Supplied material.
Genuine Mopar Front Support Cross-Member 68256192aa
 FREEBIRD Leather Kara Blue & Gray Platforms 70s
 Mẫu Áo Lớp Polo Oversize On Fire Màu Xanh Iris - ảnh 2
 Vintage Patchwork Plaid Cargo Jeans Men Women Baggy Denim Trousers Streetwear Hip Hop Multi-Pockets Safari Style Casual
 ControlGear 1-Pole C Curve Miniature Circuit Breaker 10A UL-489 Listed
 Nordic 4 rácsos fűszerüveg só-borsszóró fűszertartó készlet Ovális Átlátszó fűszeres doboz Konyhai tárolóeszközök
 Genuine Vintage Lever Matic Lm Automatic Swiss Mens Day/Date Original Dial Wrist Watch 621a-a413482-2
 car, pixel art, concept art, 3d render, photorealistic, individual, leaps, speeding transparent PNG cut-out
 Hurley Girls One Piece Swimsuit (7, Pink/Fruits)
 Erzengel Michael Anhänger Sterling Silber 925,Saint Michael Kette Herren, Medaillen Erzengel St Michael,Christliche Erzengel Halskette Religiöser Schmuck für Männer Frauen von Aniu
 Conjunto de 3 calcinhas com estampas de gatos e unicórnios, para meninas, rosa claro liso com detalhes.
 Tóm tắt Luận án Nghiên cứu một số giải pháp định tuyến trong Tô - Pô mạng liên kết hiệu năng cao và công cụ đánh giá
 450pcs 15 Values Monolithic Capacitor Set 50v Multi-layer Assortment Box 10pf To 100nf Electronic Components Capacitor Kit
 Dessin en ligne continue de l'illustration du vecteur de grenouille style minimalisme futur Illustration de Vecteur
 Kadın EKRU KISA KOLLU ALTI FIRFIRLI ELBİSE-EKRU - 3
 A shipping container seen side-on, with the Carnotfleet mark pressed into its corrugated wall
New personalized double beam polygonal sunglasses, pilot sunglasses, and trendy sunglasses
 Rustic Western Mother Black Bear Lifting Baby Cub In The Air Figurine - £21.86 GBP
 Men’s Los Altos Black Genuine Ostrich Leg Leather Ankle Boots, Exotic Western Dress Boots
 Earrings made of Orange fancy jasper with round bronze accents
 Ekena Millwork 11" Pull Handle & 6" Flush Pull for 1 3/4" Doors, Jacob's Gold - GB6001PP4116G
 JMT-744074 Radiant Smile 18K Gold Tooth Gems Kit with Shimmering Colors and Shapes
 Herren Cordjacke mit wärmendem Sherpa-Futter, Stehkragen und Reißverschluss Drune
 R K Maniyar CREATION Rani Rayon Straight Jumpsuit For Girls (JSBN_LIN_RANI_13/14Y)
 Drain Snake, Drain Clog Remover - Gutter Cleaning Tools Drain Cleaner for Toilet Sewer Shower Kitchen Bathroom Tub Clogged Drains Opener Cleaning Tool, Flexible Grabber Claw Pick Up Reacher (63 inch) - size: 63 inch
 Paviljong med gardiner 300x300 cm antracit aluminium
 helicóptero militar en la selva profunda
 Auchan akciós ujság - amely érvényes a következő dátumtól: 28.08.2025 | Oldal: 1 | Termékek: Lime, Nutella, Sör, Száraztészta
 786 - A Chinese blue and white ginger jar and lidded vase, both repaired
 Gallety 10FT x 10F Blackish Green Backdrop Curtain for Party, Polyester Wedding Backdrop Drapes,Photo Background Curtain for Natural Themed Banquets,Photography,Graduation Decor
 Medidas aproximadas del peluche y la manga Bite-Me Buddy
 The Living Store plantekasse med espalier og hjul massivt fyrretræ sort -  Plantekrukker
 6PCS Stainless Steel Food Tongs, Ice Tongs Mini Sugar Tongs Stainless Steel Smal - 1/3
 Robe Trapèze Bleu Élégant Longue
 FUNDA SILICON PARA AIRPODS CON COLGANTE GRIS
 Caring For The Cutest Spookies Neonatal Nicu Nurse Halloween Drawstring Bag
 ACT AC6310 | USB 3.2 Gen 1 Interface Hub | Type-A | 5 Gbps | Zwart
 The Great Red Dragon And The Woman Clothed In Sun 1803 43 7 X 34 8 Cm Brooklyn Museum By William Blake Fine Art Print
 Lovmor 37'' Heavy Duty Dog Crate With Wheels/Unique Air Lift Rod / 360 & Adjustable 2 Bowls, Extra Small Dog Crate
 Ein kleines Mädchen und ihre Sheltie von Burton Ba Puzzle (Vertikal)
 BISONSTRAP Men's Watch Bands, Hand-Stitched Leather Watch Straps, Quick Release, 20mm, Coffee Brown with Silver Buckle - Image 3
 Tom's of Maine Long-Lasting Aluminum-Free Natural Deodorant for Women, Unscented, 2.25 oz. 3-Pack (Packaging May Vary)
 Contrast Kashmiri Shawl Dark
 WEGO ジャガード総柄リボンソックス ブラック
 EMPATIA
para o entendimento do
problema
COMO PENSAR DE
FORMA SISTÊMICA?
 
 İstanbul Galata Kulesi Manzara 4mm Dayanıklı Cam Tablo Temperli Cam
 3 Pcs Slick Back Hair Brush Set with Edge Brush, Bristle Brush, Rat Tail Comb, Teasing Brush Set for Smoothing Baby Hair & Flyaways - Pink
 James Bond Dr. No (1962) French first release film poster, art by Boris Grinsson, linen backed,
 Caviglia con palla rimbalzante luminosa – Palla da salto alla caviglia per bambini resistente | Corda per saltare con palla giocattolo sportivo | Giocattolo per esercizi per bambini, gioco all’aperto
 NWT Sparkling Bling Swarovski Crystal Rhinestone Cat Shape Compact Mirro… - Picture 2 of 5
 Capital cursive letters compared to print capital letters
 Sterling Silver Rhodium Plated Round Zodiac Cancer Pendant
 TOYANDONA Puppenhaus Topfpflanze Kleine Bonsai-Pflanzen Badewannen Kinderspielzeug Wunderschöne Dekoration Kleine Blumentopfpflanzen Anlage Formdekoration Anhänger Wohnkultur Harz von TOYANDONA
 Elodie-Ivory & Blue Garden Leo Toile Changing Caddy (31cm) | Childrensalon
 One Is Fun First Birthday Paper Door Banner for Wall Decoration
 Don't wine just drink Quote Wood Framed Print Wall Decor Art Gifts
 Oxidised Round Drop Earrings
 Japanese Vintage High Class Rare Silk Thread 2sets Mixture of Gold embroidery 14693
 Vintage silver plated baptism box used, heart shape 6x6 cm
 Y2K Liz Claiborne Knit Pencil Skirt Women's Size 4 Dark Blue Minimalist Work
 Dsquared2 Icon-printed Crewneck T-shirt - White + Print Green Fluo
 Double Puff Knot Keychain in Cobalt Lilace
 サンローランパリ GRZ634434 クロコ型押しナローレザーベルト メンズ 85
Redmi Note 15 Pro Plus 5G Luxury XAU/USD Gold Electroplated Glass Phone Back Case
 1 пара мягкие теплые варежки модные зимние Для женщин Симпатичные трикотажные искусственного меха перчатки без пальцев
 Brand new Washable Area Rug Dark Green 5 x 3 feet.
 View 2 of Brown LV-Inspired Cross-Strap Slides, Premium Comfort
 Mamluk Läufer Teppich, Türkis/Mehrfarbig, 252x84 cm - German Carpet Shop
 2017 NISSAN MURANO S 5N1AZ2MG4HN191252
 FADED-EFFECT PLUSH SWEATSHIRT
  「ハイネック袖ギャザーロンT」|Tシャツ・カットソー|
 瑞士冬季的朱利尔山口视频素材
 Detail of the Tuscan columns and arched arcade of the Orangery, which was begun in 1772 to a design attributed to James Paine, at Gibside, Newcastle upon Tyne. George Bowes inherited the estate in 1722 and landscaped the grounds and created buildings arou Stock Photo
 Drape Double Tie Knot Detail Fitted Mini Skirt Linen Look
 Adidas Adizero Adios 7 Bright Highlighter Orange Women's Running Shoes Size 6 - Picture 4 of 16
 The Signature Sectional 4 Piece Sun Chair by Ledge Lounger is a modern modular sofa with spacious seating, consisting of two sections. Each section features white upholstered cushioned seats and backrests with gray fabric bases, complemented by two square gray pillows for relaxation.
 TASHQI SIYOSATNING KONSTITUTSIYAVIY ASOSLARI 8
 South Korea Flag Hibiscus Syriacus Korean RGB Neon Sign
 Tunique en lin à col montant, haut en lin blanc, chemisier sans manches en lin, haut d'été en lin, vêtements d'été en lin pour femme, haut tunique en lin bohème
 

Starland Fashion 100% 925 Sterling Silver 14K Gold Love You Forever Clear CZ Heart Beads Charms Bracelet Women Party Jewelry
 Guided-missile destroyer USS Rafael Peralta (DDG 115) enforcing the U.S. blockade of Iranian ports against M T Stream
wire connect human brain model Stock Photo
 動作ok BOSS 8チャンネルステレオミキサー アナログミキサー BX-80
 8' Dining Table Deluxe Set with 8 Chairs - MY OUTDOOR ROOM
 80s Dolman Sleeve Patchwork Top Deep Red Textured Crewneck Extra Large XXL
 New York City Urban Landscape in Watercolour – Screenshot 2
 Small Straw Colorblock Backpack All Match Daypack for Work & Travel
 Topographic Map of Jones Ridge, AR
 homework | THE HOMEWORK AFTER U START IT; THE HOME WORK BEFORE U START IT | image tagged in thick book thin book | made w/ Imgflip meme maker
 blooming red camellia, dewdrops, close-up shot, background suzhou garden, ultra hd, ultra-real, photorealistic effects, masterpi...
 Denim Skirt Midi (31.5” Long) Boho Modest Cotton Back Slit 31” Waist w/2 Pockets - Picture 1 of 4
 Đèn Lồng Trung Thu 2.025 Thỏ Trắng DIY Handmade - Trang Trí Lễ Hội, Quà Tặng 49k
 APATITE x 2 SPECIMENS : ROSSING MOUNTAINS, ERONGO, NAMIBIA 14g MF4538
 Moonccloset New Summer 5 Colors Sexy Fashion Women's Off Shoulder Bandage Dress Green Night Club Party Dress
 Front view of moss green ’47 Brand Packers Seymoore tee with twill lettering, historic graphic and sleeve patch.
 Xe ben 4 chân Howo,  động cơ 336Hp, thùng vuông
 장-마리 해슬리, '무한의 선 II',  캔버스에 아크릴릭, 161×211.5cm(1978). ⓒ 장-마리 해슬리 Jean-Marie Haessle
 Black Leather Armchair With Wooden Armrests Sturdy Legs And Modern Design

Exercise brief.
Starting with the first line of the entries and ending with the line that has "Dessin en ligne", copy each line exactly and add nothing.

Reply to the exercise.
Genuine Mopar Front Support Cross-Member 68256192aa
 FREEBIRD Leather Kara Blue & Gray Platforms 70s
 Mẫu Áo Lớp Polo Oversize On Fire Màu Xanh Iris - ảnh 2
 Vintage Patchwork Plaid Cargo Jeans Men Women Baggy Denim Trousers Streetwear Hip Hop Multi-Pockets Safari Style Casual
 ControlGear 1-Pole C Curve Miniature Circuit Breaker 10A UL-489 Listed
 Nordic 4 rácsos fűszerüveg só-borsszóró fűszertartó készlet Ovális Átlátszó fűszeres doboz Konyhai tárolóeszközök
 Genuine Vintage Lever Matic Lm Automatic Swiss Mens Day/Date Original Dial Wrist Watch 621a-a413482-2
 car, pixel art, concept art, 3d render, photorealistic, individual, leaps, speeding transparent PNG cut-out
 Hurley Girls One Piece Swimsuit (7, Pink/Fruits)
 Erzengel Michael Anhänger Sterling Silber 925,Saint Michael Kette Herren, Medaillen Erzengel St Michael,Christliche Erzengel Halskette Religiöser Schmuck für Männer Frauen von Aniu
 Conjunto de 3 calcinhas com estampas de gatos e unicórnios, para meninas, rosa claro liso com detalhes.
 Tóm tắt Luận án Nghiên cứu một số giải pháp định tuyến trong Tô - Pô mạng liên kết hiệu năng cao và công cụ đánh giá
 450pcs 15 Values Monolithic Capacitor Set 50v Multi-layer Assortment Box 10pf To 100nf Electronic Components Capacitor Kit
 Dessin en ligne continue de l'illustration du vecteur de grenouille style minimalisme futur Illustration de Vecteur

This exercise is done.